- [Source data]:
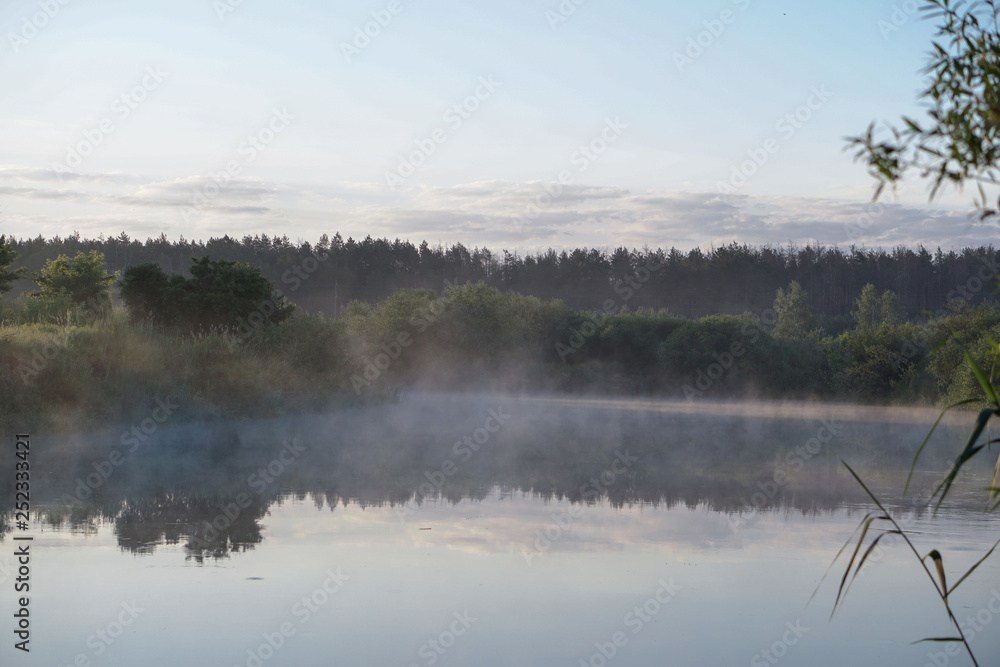 Pretty river in the countryside is shrouded in mist. European landscape of Russia and Siberia. calm view of nature. Stock background, photo Pretty river in the countryside is shrouded in mist. European landscape of Russia and Siberia. calm view of nature. Stock background, photo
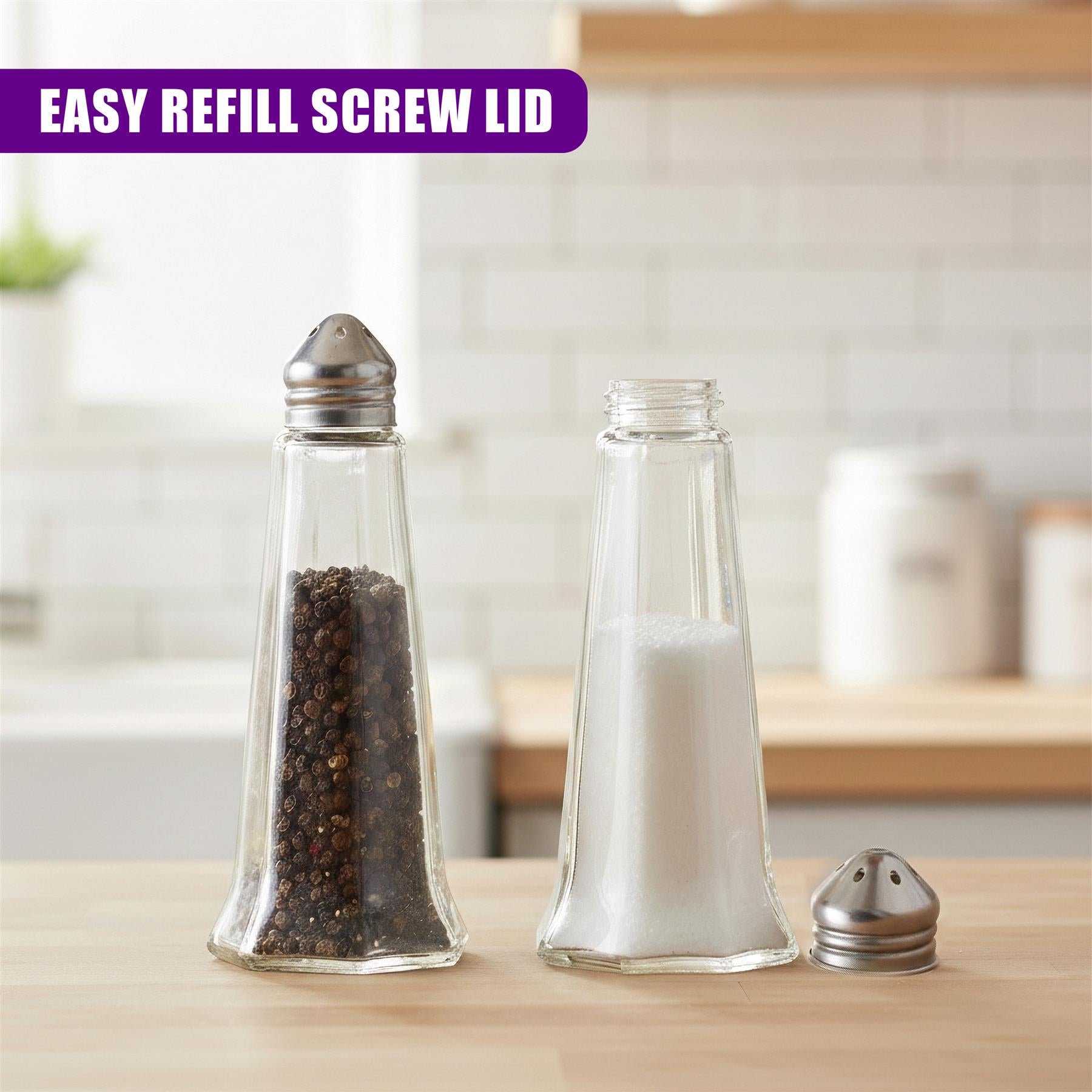 Two clear glass shakers filled with seasonings and a small metal shaker rest on a wooden countertop.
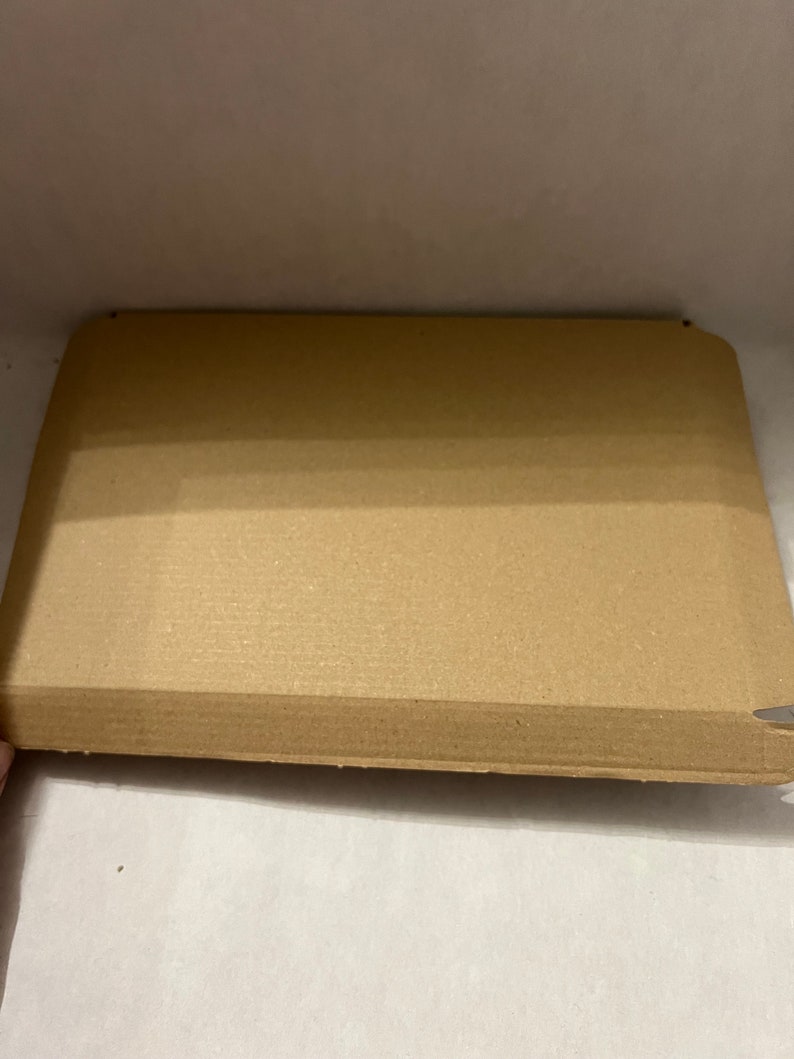 May include: A brown cardboard box with a textured surface. The box is open and empty.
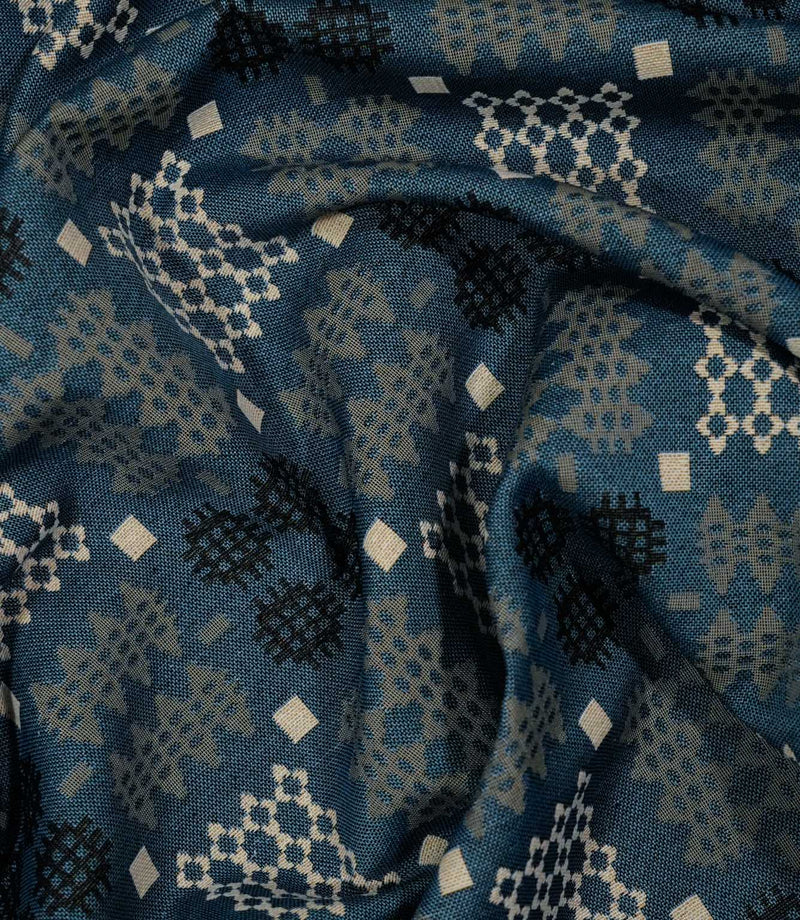 A close-up of draped fabric with a woven geometric pattern in slate blue, beige, and black.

- [Aim of the exercise]: Set down, exactly as written above, each line from the one with "Two clear glass" through the one with "May include: A", and skip the pictures.

- [Response to the exercise]:
 Two clear glass shakers filled with seasonings and a small metal shaker rest on a wooden countertop.
 May include: A brown cardboard box with a textured surface. The box is open and empty.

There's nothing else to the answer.